The Central Bank Governor said, “The Press as an institution is critical to forging our national identity; the Press is critical to bringing sanity to our national dialogue, by keeping us focused on the things that matter and on the things that unite us, while exposing the emptiness of those who dwell on the things that divide us.”
Dr. Jones continued, “The challenge we offer to you, members of the press, is that inasmuch as you are obligated to expose the wrongs of the society–and you must not waiver from that— you also have a responsibility to be messengers of positive expectations.”
He added that history shows that many countries have had their difficult periods and they have been able to overcome their problems. “They did it because their citizens were able to find within themselves the will to commit to a cause larger than their individual selves and their country,” Dr. Jones said.

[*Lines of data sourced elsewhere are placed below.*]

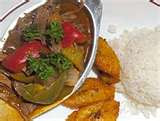 ropa vieja ropa vieja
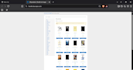 do professional web scraping and data extraction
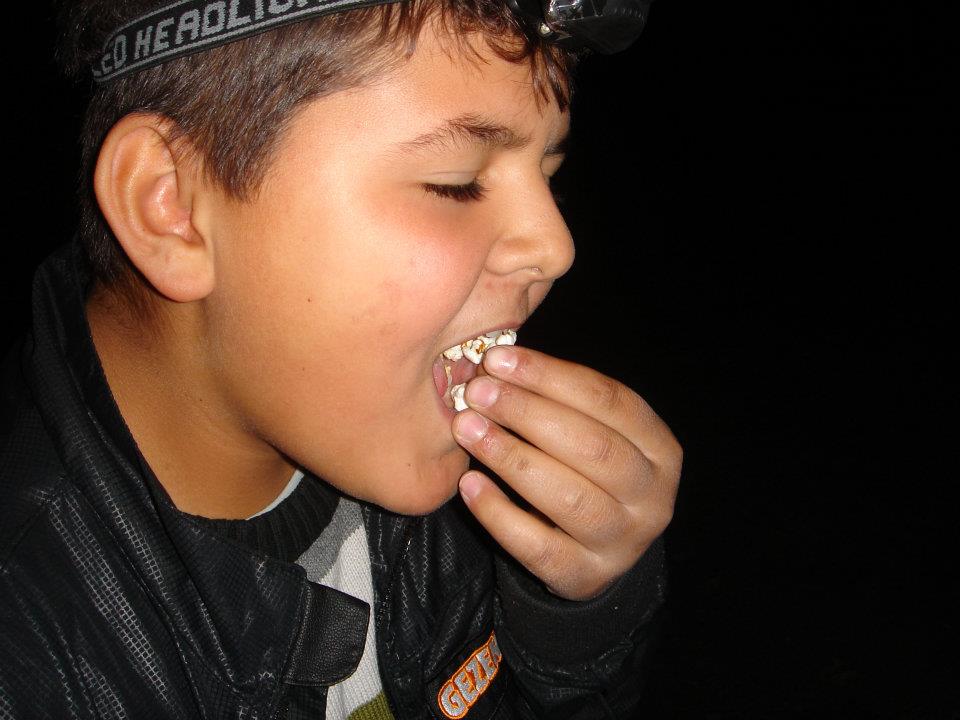 Ertan AÃƒÂƒÃ‚Â„ÃƒÂ‚Ã‚ÂŸabey'in Objektif 047.jpg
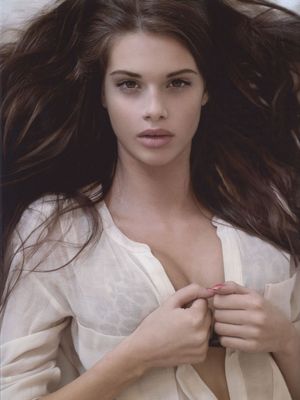 's photo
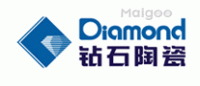 钻石陶瓷Diamond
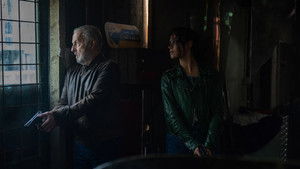 Амстердамский кошмар 2 кадр 2 онлайн-кинотеатр Эмбликс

The CBL Boss noted that the Press can help Liberians find such a national will, saying, “I say to you Liberians too, can overcome its problems.”
Governor Jones noted that the history of the Press in Liberia is a history of fortitude and pride and noted that the press has worked hard in the country not for fame or fortune.
“You have persevered because of pride in your work. What else could have kept you going, if not a sense of value? We salute you! Remain steadfast; remain vigilant. Above all, remain true to your profession, which calls for the promulgation of facts, analytical thinking, balance reporting and sober reflection,” Dr. Jones stressed.
He further told members of the media that their goal is not so much to be loved, as much as to be respected noting, “The record shows that this is the ethics which you, as a Union, have been trying to live up to by taking steps to address problems arising from within regarding actions of some of your colleagues relative to the code of professional conduct that the PUL adopted to guide its membership.”
Governor Jones intimated, “By censuring yourselves, you give credence to your actions to serve as the mirror for the larger society. Indeed, what you are saying through your actions is that accountability is a virtue of general application. It is good for the public sector; good for the private sector and good for the Press.”
“We at the Central Bank of Liberia consider the Press Union of Liberia to be a partner in our efforts to revitalize our economy, the press being the major avenue for informing the public of specific policy measures being implemented by the CBL,” he said.
For his part, the newly Inducted President of the PUL, Mr. Kamara A. Kamara, said, “Ascending to the leadership of the Press Union of Liberia put upon one an obligation to serve as a symbol of credibility, integrity, speaking truth to power and respecting the views and rights of all irrespective of how fundamentally flaw people may perceive them.”
Mr. Kamara who pledged to serve his term by giving out his belief, said he believes that by doing the right thing, he would be challenging others to do the right things required of them.
Mr. Kamara told his audience that the challenges of those days when the Press Union was founded still exist as laws that criminalize discussing government are still threatening today and contempt charges still remain ridiculous.
He said interestingly contempt issues are still a hindrance to free speech and recorded several issues arising from free speech that resulted to contempt charges.
He said the authors of Liberia’s constitution mandated the Legislature to define contempt noting that “regrettably after 20 years the Legislature is yet to act responsibly.” He then called for the removal from the books of all anti-free speech legislation.